“Too big to fail” really means “too big to exist in the first place.” Want to make a difference? Keep it weird. Keep it local!
Boulder, Colorado: One of the slogans we hear all of the time (locally) is “Keep Boulder Weird,” a great reminder as to how unique the city of Boulder is (What? No Wal-Mart?! Weird!), and quite frankly, it’s that uniqueness, that weirdness, that pride in keeping it real by keeping it local that is part of what makes Boulder what it is. I mean, come on, who needs Wally World when you’ve got McGuckin?
It was with not some small amount of annoyance that I came across this article in Boulder’s nationally owned Daily Camera about yet another national chain setting up shop in Boulder.
[Board game store It’s Your Move]‘s closure comes after a “great” holiday season when sales were up 10 percent, Murray said. Plans also were in place to run some family game night incentives and events, he said.
However, the retailer was on a month-to-month lease and the property’s owner, Dennis Cahalan, recently reached an agreement with Penzeys Spices, a Wisconsin-based company with more than 40 locations nationwide, including two in Denver...click over to the Camera for the rest.
Competition isn’t the issue; I’m all in favor of competition, as long as it’s fair—but the majority of national chains are anything but, tending to be rather predatory in nature, buying huge amounts of products made in China and selling low, focused on closing out small, local business rather than working with them in the spirit of friendly competition.
Why does it matter, one might ask? Simple. With all of the Wall Street vs. Main Street talk going on, many people seem to forget that small business is what truly drives our economy, not the Wal-Marts, Targets, Starbucks and even the Ben & Jerry’s of the world. The big businesses get the tax breaks in the name of building the (artificial?) cache of a town, while local businesses often go neglected and taken for granted, in spite of the fact that local businesses keep the local economy stronger by keeping the money local rather than sending it off to some national headquarters out of state.

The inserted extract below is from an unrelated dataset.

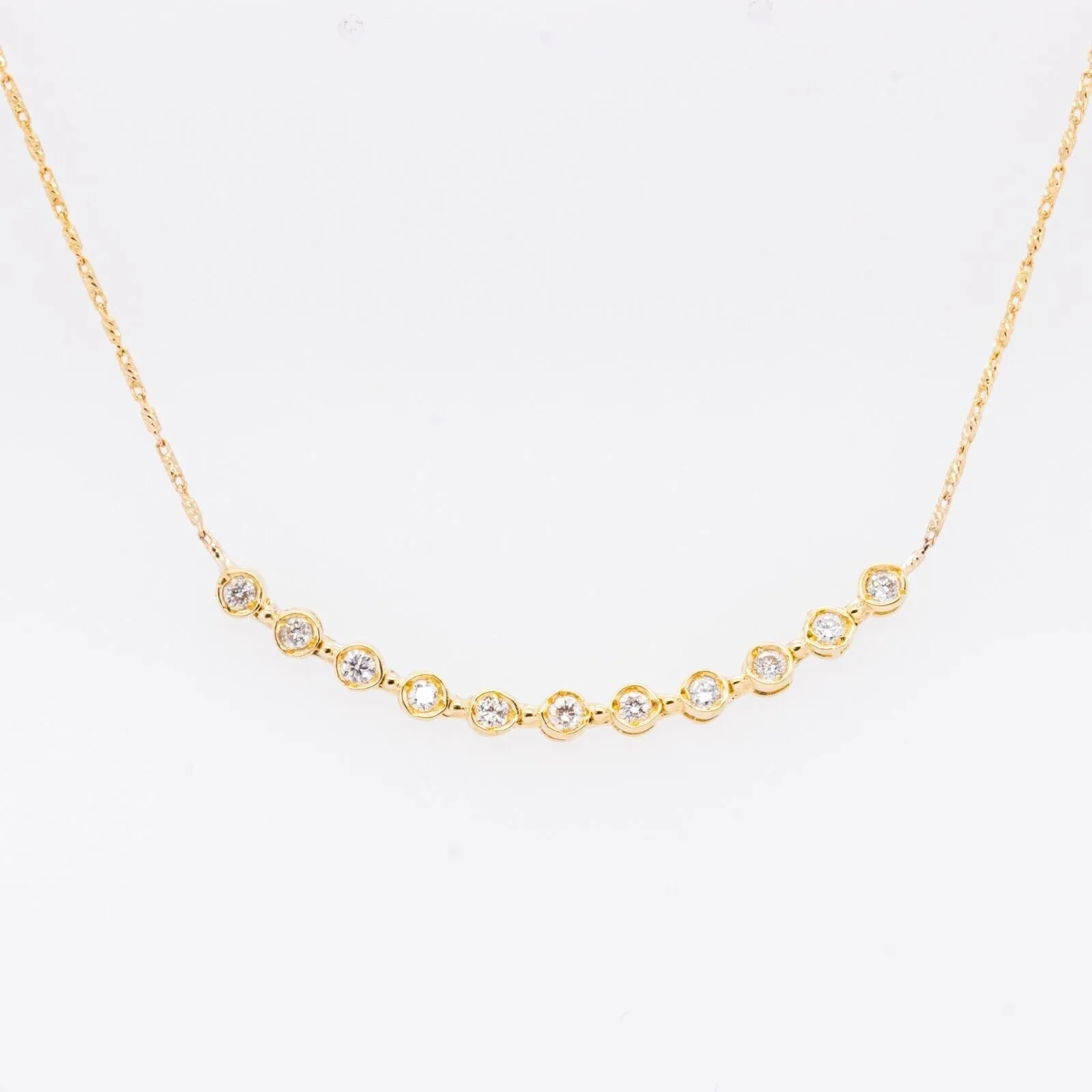 14k Yellow Gold Diamond 11 Stone Curved Bar Pendant Necklace 0.25ctw G VS2 18"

Got a problem, concern, or compliment about your experience in the store? Take it to the manager. If it’s a local biz, you’re likely talking with the owner or someone that’s just one or two steps away from the owner, and so what you have to say will have a greater impact than the manager of the national who is so far removed from the owner(s) (i.e. stockholders) that s/he exists simply as a number on a payroll.
Price an issue? Remember that those “lower prices” offered by national chains are an illusion offset by the higher taxes you pay as a result of local subsidizing. At least local stores’ prices are more honest, and more of it stays right where it belongs: at home.
As we’ve seen with the recent collapses in our national system, “too big to fail” really means “too big to exist in the first place.” This goes whether you live in Boulder or Boston; in La Junta or Los Angeles.
Want to make a difference? Keep it weird. Keep it local!